- Problem
Report each line of the entries that includes "Denim" by copying it.

[Short descriptive text snippets]
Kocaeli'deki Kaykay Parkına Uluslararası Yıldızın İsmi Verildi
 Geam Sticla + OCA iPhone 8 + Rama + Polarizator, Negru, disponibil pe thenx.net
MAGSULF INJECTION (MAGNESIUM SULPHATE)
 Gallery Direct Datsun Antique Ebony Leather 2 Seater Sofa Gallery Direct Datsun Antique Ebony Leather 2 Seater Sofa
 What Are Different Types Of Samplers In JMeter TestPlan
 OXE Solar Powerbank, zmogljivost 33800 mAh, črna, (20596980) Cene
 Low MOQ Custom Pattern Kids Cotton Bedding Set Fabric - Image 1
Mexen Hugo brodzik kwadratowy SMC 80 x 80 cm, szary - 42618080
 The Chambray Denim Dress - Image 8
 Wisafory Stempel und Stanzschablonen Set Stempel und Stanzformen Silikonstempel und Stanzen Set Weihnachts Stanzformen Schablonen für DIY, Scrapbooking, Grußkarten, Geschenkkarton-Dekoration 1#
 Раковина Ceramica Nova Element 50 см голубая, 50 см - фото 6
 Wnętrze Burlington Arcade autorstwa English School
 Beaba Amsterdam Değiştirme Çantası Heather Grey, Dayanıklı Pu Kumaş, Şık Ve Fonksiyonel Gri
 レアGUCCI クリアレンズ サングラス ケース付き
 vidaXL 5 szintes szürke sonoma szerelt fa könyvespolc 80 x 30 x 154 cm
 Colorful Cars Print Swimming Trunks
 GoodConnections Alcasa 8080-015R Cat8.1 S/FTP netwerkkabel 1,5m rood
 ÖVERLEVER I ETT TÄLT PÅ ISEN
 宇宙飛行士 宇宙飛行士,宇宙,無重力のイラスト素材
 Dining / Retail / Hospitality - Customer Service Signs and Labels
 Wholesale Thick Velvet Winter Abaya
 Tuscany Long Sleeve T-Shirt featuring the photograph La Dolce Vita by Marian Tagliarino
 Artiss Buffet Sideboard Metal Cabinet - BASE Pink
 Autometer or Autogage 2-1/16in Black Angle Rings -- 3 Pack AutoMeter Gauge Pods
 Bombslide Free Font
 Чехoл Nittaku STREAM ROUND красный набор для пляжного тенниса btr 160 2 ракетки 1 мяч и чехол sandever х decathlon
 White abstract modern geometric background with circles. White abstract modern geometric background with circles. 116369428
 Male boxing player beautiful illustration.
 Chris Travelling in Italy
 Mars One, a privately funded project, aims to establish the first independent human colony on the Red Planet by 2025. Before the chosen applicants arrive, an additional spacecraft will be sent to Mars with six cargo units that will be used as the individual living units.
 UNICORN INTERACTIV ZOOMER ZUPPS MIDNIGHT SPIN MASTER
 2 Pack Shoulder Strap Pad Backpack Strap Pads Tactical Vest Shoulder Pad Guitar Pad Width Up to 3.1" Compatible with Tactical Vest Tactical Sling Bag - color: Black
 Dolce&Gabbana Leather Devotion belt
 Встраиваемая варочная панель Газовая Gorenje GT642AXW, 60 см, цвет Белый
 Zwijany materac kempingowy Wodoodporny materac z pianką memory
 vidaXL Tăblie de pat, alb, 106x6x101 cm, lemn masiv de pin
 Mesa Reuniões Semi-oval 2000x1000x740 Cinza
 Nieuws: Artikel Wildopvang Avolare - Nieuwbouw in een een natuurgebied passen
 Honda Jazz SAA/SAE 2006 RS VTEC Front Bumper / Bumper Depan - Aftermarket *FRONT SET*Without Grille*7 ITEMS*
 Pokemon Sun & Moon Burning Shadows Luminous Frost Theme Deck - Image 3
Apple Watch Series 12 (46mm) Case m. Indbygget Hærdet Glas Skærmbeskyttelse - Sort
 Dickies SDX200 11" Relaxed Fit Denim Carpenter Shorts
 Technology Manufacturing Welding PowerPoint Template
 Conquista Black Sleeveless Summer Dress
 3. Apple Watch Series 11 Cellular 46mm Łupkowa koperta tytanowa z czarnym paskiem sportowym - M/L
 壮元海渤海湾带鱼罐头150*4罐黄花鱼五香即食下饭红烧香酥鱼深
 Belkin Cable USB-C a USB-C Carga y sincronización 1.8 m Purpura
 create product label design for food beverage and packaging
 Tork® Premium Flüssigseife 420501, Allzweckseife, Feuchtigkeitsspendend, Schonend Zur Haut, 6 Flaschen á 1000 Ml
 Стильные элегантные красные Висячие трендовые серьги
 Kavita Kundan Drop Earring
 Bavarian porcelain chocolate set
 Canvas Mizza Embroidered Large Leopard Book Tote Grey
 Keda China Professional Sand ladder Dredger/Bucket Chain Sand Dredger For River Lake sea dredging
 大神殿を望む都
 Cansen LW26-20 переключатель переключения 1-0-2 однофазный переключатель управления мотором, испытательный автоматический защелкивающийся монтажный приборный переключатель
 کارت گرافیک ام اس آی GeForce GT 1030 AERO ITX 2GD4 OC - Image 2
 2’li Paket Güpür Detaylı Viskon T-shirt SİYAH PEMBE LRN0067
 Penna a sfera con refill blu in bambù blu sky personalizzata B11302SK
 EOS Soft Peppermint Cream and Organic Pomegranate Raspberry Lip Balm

- The answer
 The Chambray Denim Dress - Image 8
 Dickies SDX200 11" Relaxed Fit Denim Carpenter Shorts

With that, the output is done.